Task requirements
At the line containing "Restaurant/places to eat", begin an exact copy, and continue through the last line of the entries below. Leave out any pictures.
──────────────────────────────
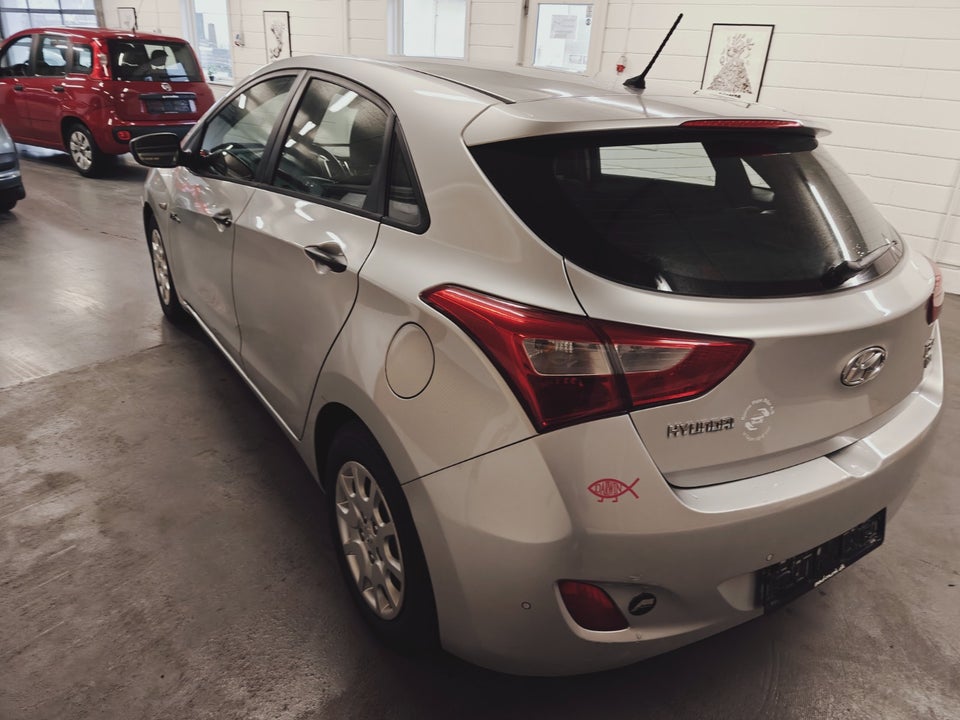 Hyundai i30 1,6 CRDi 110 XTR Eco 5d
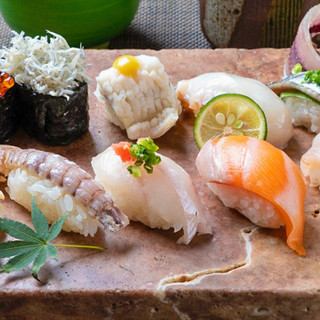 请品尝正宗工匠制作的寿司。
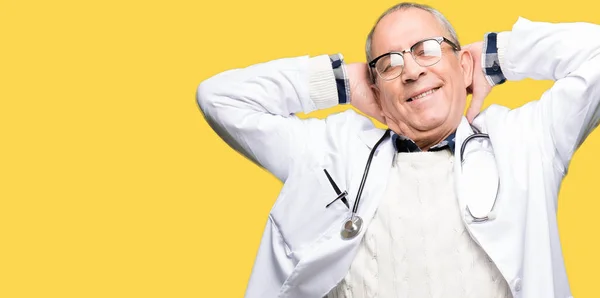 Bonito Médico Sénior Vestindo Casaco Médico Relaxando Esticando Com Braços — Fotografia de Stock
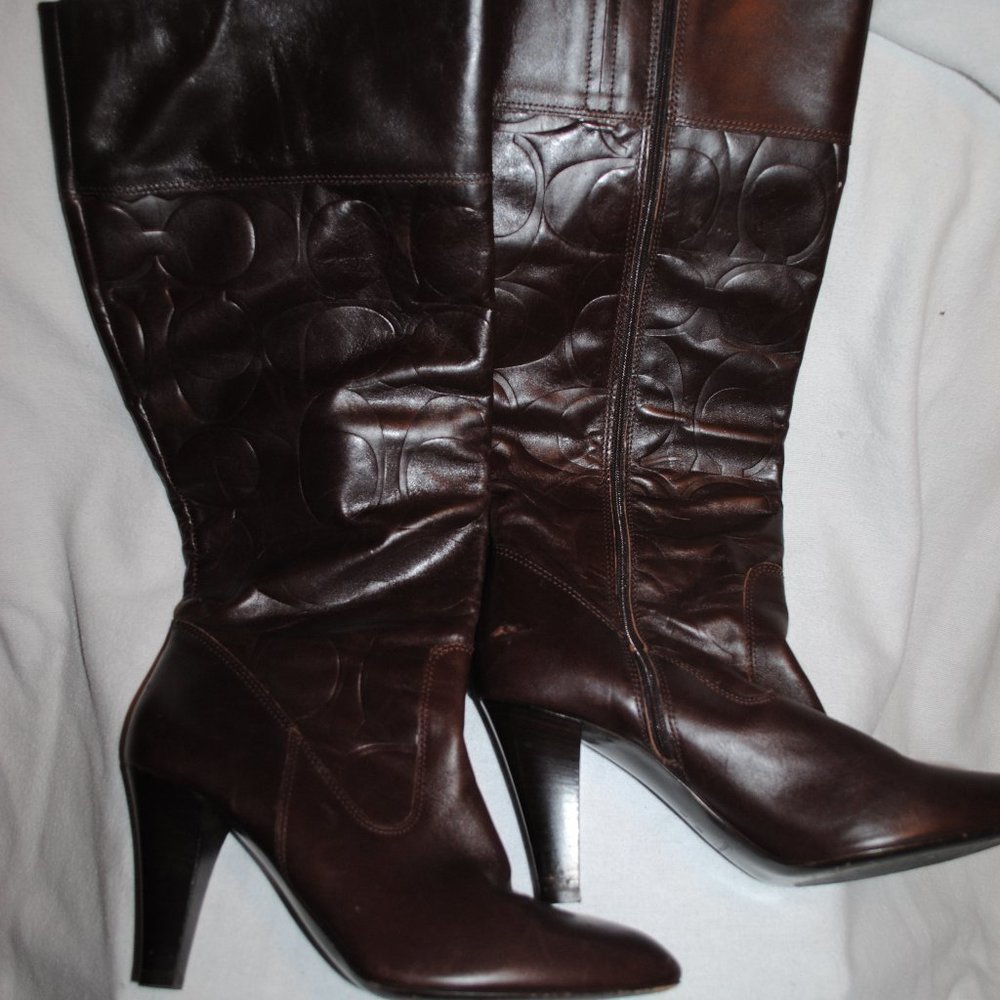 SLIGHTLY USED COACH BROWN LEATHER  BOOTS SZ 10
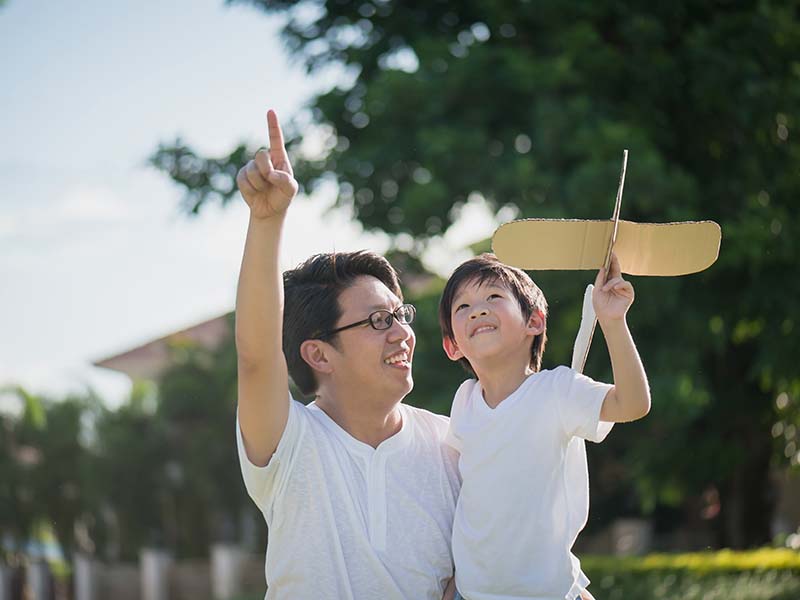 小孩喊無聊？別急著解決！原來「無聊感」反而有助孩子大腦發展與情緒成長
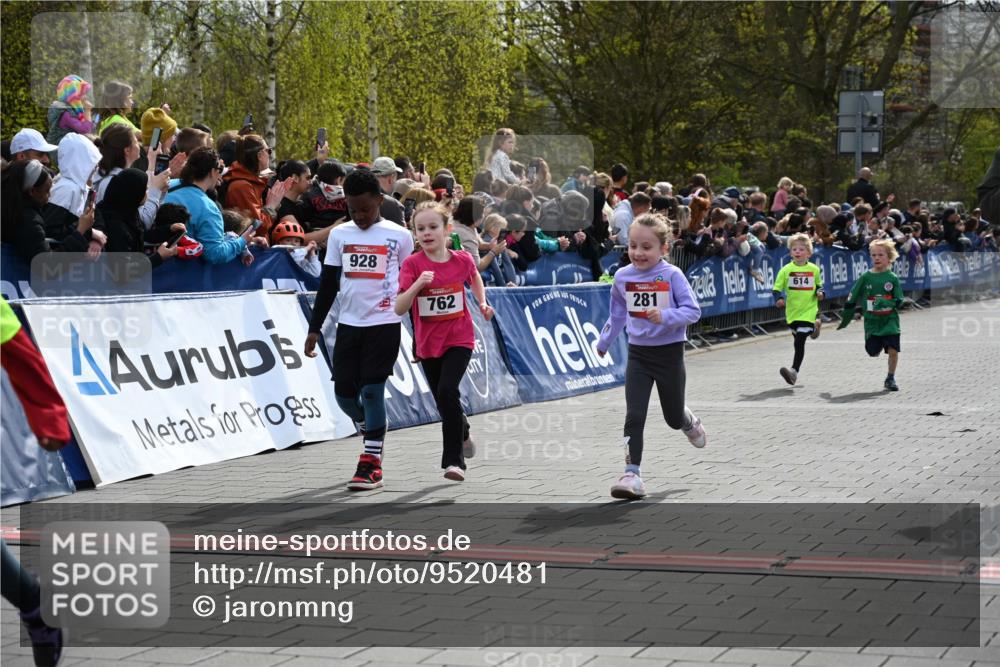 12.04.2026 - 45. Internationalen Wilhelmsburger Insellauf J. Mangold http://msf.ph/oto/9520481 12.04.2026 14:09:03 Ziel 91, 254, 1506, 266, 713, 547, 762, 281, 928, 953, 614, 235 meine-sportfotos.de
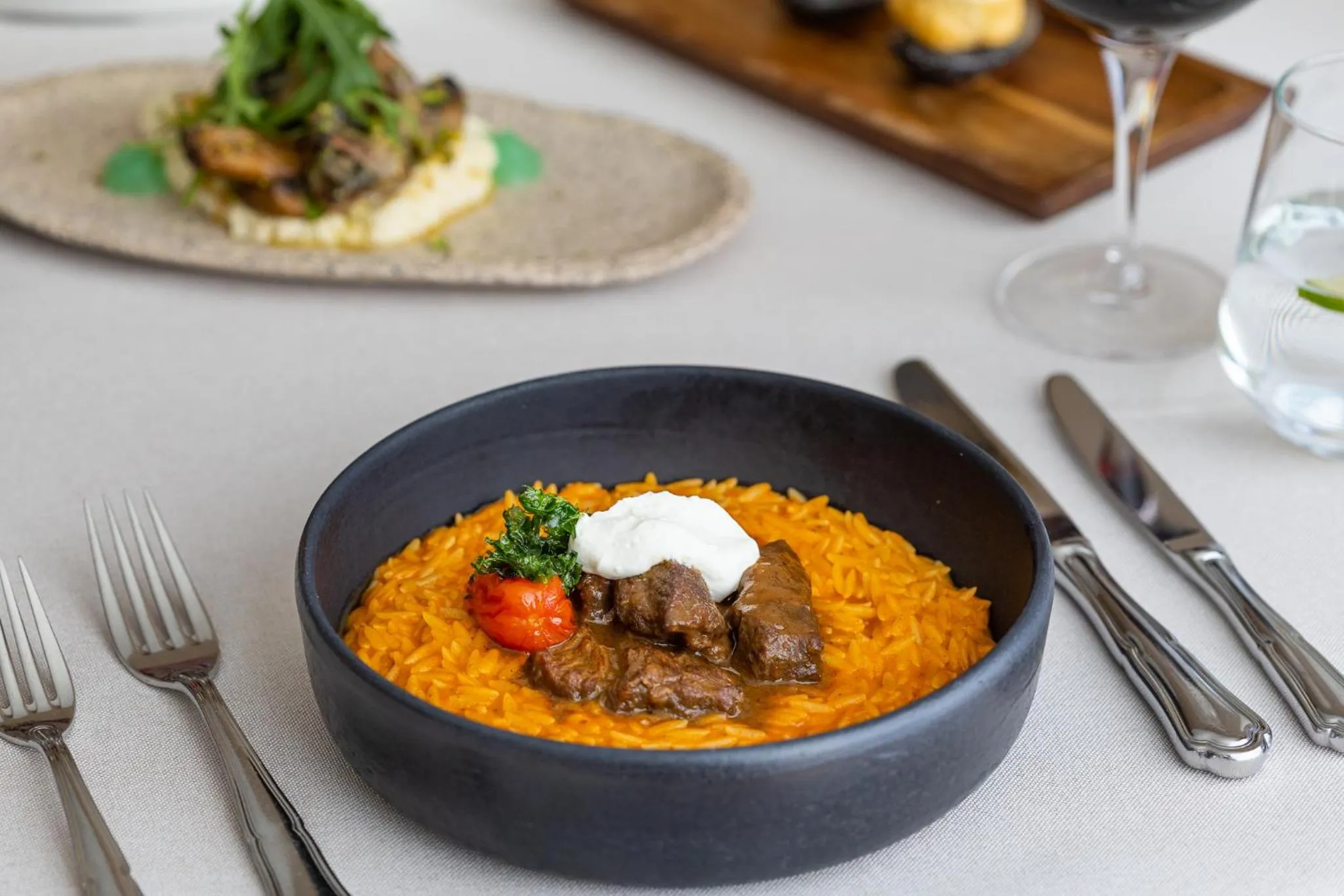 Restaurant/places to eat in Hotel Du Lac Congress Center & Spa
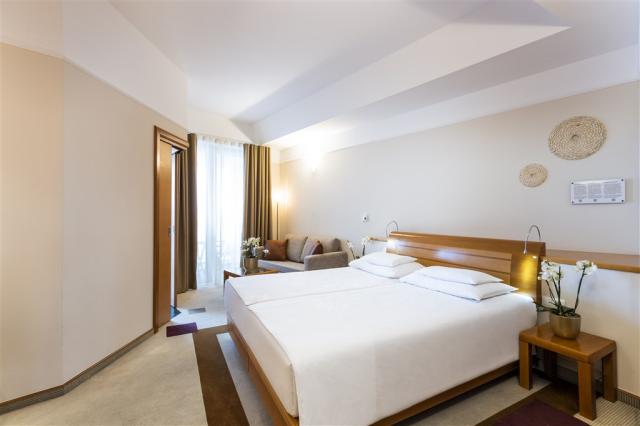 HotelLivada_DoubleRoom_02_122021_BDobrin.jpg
──────────────────────────────
Finished task
 Restaurant/places to eat in Hotel Du Lac Congress Center & Spa
 HotelLivada_DoubleRoom_02_122021_BDobrin.jpg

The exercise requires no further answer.